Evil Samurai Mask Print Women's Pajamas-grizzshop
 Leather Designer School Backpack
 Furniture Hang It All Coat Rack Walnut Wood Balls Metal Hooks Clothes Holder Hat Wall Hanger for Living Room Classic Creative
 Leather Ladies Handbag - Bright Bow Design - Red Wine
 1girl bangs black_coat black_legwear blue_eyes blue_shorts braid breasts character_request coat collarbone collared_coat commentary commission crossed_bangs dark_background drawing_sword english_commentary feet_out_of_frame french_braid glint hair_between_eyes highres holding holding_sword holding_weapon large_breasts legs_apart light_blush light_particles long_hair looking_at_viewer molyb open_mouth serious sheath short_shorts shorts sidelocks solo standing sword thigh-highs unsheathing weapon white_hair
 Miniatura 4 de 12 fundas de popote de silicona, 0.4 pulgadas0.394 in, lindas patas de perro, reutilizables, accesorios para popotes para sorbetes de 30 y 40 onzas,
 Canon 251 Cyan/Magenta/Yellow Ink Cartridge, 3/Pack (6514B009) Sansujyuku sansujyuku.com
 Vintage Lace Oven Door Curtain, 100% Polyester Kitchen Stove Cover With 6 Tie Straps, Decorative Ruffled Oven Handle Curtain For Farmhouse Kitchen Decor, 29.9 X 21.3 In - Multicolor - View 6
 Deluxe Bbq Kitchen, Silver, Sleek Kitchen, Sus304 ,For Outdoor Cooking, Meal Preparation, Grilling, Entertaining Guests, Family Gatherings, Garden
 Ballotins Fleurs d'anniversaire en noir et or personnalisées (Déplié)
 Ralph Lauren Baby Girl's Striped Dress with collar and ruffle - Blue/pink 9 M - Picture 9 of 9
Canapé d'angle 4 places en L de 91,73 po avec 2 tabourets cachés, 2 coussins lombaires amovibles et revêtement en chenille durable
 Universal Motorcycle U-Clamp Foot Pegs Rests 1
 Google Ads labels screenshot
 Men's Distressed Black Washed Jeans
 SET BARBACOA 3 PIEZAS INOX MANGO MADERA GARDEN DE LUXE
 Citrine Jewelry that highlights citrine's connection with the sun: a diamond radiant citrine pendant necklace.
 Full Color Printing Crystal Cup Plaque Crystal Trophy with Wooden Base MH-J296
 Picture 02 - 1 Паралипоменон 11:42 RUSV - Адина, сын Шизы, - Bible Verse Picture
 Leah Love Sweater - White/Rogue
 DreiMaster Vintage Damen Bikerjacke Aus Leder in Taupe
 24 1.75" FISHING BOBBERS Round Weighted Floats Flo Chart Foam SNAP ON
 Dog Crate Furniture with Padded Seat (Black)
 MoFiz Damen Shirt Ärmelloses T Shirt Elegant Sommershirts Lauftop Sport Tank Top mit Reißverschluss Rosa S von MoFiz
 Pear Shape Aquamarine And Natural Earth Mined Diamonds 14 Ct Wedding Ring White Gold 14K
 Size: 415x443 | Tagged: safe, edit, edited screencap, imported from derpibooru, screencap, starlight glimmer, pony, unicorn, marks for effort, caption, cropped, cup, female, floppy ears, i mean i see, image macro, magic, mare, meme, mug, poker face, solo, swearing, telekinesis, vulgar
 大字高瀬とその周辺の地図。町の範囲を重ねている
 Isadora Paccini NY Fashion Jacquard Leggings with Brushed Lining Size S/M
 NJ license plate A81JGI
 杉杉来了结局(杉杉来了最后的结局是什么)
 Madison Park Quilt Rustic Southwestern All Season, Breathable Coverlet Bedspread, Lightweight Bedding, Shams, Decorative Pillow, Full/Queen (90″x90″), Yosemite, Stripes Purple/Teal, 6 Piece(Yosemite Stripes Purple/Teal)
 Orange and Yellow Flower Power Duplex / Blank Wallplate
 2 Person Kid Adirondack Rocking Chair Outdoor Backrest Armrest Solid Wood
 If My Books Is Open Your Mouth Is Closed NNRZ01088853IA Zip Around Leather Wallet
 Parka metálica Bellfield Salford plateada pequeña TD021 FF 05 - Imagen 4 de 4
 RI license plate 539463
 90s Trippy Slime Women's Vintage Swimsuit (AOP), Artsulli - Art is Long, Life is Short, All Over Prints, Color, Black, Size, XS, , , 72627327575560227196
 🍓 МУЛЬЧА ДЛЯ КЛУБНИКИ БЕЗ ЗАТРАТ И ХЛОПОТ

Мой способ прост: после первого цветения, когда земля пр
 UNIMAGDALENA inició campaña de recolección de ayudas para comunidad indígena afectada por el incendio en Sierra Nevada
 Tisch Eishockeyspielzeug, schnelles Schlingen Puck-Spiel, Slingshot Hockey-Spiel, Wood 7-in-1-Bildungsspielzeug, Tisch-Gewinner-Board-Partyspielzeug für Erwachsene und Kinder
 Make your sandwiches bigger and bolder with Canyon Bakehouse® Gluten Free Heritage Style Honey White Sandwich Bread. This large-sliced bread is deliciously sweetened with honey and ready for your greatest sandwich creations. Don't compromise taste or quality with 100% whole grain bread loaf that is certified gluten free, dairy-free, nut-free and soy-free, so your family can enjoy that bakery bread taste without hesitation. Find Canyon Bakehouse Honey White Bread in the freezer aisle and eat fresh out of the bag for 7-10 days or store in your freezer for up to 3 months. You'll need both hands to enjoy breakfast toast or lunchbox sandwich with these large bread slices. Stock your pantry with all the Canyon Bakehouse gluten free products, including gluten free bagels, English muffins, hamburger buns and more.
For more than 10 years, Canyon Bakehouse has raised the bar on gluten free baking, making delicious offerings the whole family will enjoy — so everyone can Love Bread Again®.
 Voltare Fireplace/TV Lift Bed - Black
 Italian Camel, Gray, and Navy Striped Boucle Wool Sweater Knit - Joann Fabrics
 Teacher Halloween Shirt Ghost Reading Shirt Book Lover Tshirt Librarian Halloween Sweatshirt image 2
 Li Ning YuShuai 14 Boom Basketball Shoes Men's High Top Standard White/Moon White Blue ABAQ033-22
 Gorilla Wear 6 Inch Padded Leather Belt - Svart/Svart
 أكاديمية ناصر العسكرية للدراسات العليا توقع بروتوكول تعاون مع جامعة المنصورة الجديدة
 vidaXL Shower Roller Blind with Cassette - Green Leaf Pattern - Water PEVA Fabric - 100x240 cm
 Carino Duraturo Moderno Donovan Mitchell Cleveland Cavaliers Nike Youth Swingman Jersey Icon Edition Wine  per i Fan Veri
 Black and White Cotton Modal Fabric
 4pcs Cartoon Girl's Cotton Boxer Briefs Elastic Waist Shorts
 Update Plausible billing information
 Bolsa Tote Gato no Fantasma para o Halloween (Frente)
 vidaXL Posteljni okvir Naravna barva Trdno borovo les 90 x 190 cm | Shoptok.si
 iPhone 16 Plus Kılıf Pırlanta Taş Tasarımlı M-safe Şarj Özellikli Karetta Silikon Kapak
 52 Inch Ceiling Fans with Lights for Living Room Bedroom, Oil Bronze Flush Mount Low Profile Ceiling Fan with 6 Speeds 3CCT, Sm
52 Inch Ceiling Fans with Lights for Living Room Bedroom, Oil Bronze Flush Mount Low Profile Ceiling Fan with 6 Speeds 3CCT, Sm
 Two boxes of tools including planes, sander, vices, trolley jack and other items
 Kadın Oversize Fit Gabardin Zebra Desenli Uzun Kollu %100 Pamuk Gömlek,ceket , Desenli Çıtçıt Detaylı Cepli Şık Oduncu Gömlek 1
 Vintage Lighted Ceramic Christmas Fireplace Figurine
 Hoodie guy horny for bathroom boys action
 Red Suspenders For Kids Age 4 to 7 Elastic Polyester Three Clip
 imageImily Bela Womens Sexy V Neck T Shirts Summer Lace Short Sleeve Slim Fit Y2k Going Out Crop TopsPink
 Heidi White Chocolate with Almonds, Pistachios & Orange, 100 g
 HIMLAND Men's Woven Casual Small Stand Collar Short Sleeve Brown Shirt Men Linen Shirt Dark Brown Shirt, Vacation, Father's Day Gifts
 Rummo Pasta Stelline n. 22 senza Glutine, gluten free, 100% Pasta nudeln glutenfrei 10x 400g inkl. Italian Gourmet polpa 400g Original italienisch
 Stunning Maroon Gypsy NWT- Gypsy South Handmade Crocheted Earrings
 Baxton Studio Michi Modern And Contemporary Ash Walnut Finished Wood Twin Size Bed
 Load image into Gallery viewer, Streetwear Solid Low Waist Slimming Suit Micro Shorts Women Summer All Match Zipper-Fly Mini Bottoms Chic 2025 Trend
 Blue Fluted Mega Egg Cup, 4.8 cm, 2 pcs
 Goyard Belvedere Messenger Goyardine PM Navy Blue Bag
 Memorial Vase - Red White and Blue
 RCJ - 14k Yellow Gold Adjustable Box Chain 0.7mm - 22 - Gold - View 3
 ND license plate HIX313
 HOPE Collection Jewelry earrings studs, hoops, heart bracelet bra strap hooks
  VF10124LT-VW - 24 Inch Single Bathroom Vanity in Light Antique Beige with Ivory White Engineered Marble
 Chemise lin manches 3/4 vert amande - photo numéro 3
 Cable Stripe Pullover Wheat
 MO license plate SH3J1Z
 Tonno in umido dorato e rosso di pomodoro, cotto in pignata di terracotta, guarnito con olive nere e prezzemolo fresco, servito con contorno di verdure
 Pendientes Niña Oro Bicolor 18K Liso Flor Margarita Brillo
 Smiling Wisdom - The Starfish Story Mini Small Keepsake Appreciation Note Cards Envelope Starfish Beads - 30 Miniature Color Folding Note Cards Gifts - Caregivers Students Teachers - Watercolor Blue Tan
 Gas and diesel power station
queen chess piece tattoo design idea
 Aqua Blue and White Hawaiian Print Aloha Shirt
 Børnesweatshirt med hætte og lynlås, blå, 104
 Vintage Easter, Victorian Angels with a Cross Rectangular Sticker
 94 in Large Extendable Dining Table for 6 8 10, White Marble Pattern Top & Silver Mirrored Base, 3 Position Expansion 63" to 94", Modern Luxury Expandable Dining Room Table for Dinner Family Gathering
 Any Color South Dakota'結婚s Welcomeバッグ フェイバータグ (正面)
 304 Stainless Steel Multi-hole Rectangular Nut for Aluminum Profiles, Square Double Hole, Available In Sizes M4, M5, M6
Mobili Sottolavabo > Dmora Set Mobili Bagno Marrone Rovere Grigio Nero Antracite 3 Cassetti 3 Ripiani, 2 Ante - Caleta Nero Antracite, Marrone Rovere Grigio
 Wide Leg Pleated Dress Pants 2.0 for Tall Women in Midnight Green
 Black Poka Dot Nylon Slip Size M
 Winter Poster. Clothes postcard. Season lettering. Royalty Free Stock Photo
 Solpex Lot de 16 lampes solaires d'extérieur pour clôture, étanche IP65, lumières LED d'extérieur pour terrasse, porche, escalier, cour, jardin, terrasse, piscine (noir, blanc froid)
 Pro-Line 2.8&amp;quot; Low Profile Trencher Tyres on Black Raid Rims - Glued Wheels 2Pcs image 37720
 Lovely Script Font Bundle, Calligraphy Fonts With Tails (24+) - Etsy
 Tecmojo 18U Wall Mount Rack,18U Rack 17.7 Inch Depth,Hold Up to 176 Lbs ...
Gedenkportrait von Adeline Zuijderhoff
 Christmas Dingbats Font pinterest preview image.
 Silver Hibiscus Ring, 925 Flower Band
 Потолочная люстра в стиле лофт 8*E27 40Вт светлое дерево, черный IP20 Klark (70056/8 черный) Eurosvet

________

■ **What is expected**
How many of the lines in the material hold the word "Season"? Give that number alone.

■ **Response for this exercise**
2